* Brief
Taking the entries below from the top, restate each line exactly and end with the line containing "Bed in Ayu Laba Beach Villa and Resto".

[Short text fragments from websites]
···
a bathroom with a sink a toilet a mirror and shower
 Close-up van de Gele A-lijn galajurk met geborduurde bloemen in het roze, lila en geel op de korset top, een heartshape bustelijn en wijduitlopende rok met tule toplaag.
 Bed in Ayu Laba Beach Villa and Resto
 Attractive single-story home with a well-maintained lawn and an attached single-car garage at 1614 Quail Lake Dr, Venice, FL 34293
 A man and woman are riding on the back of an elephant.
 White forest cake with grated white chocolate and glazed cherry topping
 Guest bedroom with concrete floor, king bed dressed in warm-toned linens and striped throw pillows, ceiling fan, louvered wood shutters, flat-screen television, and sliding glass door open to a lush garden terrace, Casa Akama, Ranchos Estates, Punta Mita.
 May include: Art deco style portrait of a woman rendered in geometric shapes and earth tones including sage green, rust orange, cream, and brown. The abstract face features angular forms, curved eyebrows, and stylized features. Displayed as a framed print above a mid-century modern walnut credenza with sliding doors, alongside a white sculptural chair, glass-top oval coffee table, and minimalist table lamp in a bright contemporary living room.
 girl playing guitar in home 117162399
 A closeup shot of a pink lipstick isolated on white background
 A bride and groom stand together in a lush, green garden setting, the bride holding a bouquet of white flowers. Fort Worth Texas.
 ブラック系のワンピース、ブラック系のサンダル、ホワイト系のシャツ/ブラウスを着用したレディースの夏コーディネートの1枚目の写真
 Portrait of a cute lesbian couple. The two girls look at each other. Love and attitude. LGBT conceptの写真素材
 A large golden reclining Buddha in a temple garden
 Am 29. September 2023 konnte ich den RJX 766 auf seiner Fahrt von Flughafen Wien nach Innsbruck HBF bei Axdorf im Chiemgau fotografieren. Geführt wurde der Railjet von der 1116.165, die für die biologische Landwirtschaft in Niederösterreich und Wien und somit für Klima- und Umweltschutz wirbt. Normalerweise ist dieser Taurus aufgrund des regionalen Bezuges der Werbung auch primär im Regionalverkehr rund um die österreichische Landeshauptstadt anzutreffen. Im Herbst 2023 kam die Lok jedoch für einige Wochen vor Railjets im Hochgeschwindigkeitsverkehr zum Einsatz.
···
* Expected answer
a bathroom with a sink a toilet a mirror and shower
 Close-up van de Gele A-lijn galajurk met geborduurde bloemen in het roze, lila en geel op de korset top, een heartshape bustelijn en wijduitlopende rok met tule toplaag.
 Bed in Ayu Laba Beach Villa and Resto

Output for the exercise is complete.